Despite efforts by Patong Municipality to rectify the problem, the section of Nanai Road has remained permanently under three feet of water for the past few weeks. It has become such a constant fixture that local residents have nicknamed the stretch “Nanai River”.
US citizen Gary Robinson, who has lived in Patong for more than 10 years, said he had never seen an area of the town stay flooded for so long.
“They should set up a longtail ferry service,” he quipped.
The affected stretch runs roughly from the Aroonpat Village housing estate to the Chang Residence Hotel, though the size of the affected area varies with rainfall.
A local motorcycle taxi driver said the area has been flooded on and off since the week before the Songkran festival. The floodwater is partially comprised of raw sewage released by houses and shops on higher ground, he claimed.
Another agreed. “The water is very smelly and dirty. After touching it, you feel really itchy,” he said.
Teeranun Boonma, Deputy Director of Sanitation at Patong Municipality, denied that the water poses a health hazard.
“The floodwater has no effect on humans. It’s not dirty water, it’s rainwater. The dirty water gets sent to another area,” he said.

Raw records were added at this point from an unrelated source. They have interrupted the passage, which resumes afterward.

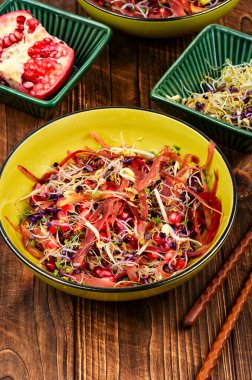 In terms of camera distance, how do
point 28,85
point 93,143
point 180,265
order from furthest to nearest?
point 28,85
point 93,143
point 180,265

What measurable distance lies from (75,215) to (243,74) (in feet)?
3.83

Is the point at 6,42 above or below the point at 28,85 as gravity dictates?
above

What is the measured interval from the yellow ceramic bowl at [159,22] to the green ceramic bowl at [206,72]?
8 centimetres

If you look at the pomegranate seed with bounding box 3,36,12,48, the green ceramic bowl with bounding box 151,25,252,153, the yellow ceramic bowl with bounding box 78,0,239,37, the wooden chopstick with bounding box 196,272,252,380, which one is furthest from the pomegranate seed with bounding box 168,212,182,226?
the pomegranate seed with bounding box 3,36,12,48

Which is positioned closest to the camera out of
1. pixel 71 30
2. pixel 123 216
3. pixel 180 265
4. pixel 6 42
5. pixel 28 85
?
pixel 180 265

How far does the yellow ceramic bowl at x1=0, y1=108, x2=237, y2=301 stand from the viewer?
242cm

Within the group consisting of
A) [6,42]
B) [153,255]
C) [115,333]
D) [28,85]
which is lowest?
[115,333]

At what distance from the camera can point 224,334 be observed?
239 centimetres

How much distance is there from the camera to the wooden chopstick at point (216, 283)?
2436 mm

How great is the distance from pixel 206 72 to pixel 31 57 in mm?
869

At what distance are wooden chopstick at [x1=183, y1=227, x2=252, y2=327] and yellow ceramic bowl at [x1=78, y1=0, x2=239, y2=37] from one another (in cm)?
112

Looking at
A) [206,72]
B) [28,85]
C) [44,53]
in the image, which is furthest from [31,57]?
[206,72]

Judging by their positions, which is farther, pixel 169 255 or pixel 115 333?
pixel 115 333

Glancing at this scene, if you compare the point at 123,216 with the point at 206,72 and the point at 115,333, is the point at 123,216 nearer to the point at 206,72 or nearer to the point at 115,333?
the point at 115,333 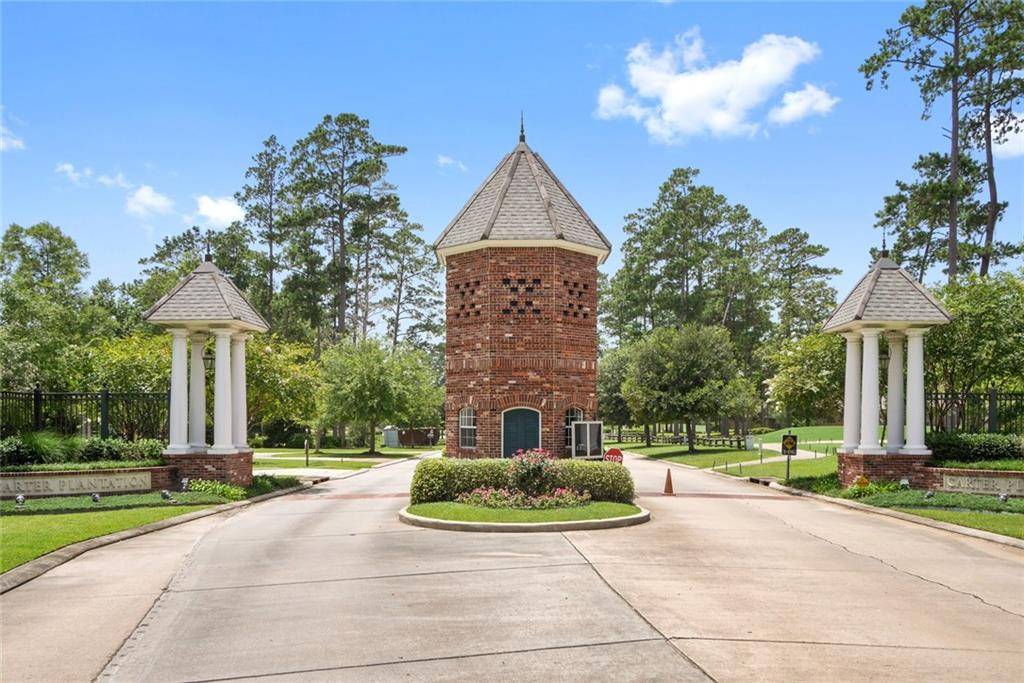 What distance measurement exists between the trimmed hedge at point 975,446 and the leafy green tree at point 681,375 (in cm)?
2066

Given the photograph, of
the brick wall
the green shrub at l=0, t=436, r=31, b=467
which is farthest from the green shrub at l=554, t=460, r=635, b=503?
the green shrub at l=0, t=436, r=31, b=467

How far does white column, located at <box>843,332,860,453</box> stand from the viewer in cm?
2334

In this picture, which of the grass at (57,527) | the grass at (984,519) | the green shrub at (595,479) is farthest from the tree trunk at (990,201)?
the grass at (57,527)

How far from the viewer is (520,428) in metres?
22.1

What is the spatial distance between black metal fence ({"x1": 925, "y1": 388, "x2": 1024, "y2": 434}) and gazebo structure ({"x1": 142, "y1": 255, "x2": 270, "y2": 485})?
69.8 ft

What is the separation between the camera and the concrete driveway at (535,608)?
739 centimetres

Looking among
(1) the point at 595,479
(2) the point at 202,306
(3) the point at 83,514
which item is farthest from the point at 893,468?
(3) the point at 83,514

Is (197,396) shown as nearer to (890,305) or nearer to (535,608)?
(535,608)

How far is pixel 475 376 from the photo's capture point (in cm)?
2230

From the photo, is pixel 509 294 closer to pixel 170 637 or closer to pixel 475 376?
pixel 475 376

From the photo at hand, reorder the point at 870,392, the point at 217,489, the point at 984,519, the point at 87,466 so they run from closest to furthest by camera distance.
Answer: the point at 984,519 → the point at 87,466 → the point at 217,489 → the point at 870,392

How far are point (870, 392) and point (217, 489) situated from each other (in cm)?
1889

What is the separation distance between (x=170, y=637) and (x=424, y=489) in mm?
10274

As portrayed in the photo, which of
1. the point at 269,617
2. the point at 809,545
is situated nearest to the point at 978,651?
the point at 809,545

Rainwater used to drain through the Aroonpat Village estate, through a section of private land and into a canal, Mr Teeranun said.
The owner of the private land had recently blocked the drains and this was what had caused the flooding, he claimed.
The municipality has been trying to remove the water using a pump, but with little success.
“They did put a pump up, but the pump is just obviously not adequate. It’s like using a cup to bail out the Titanic,” Mr Robinson said.
Mr Teeranun said the pump is now broken, but that plans are afoot to buy two more “as soon as possible”.
The municipality has plans to solve the problem on a more long-term basis by raising the road and drainage channel beneath it by about 60 centimeters. This will channel rainwater to part of the local drainage network and thus prevent flooding, he said.
The plan would cost from five to six million baht and take three or four months to implement, he said.
Mr Teeranun admitted that an urgent solution was needed.
“It’s close to the rainy season. We have to solve this problem as soon as possible,” he said.
Gary Robinson agrees. “We could easily get two days of heavy rain. If we get that, the whole thing is going to get really crazy,” he said.